Simultaneously, Defense Minister Shinjiro Koizumi is scheduled for discussions with his US counterpart. At home, Prime Minister Sanae Takaichi will host South Korea's Lee Jae Myung for a summit aimed at reaffirming the alliance between the two key US allies.
Tensions have been mounting since early November, when comments from Takaichi suggested Japan could use its military if China attempts to seize Taiwan by force. In response, Beijing has rolled out new export restrictions and initiated an anti-dumping investigation into a key chip-making material, prompting Japan to shore up support from its allies.
Japanese Chief Cabinet Secretary Minoru Kihara has publicly called for the smooth shipment of rare earths and food, responding to reports that Beijing is obstructing trade in these goods.
"I believe international trade in rare earths should proceed smoothly, and I consider this to be extremely important," Kihara said. "China's export control measures on rare earths and other materials have been ongoing for some time and are having a serious impact on the global supply chain."
A report from the Wall Street Journal, citing two Chinese exporters, indicated that China has already begun to restrict exports of rare earths and rare-earth magnets to Japan. However, a person familiar with the matter noted that a Japanese importer had not been notified of any halt in export procedures as of Friday afternoon. Finance Minister Katayama confirmed she would verify transaction details with Japan's customs authorities.
Beijing's actions extend beyond rare earths. This week, China announced new export controls on dual-use items that could potentially enhance Japan's military capabilities. It also launched an anti-dumping probe into Japan's production of dichlorosilane, a crucial material used in semiconductor manufacturing.
Adding to the friction, Japan has lodged a protest against China's deployment of a mobile drilling vessel in the East China Sea.
According to Japan's Trade Minister Ryosei Akazawa, it is difficult to assess the full impact of the new curbs on dual-use items, as their exact content remains unclear. He noted that China's rare earth restrictions, in place since April of last year, have already forced various Japanese industries to adjust production.
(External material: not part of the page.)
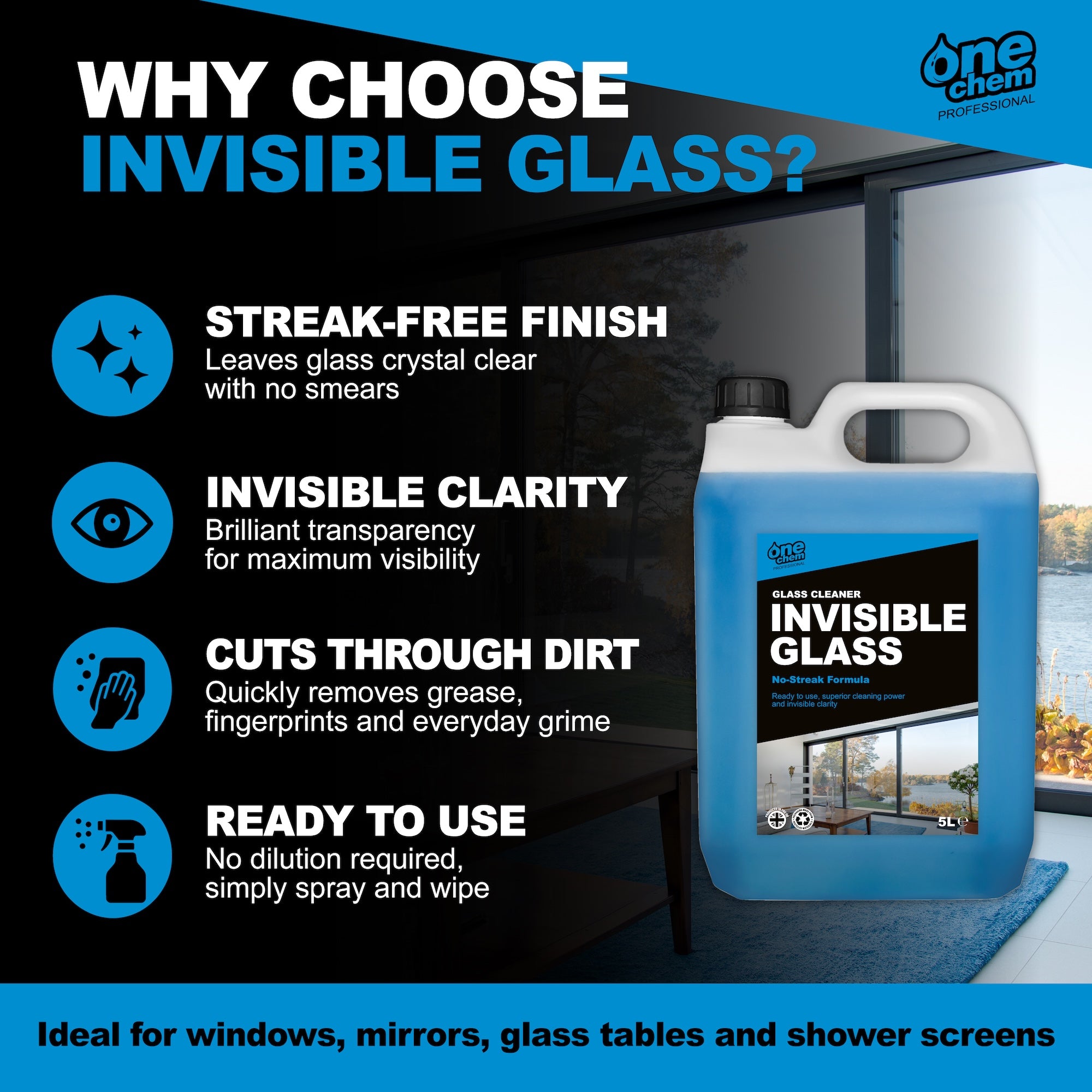 One Chem Professional Glass Cleaner - Invisible Glass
"We are currently scrutinizing the impact on Japan's economy," Akazawa said. "We intend to take necessary measures in a resolute and calm manner, after comprehensively considering the situation from various perspectives."
Japan's diplomatic calendar remains busy, with Takaichi's meetings with South Korea's Lee scheduled for Tuesday and Wednesday, followed by a visit from Italian Prime Minister Giorgia Meloni from January 15-17.
"The importance of Japan-South Korea relations and Japan-South Korea-US cooperation has increased significantly," Kihara emphasized, highlighting the plan for close communication and shuttle diplomacy to ensure stable relations.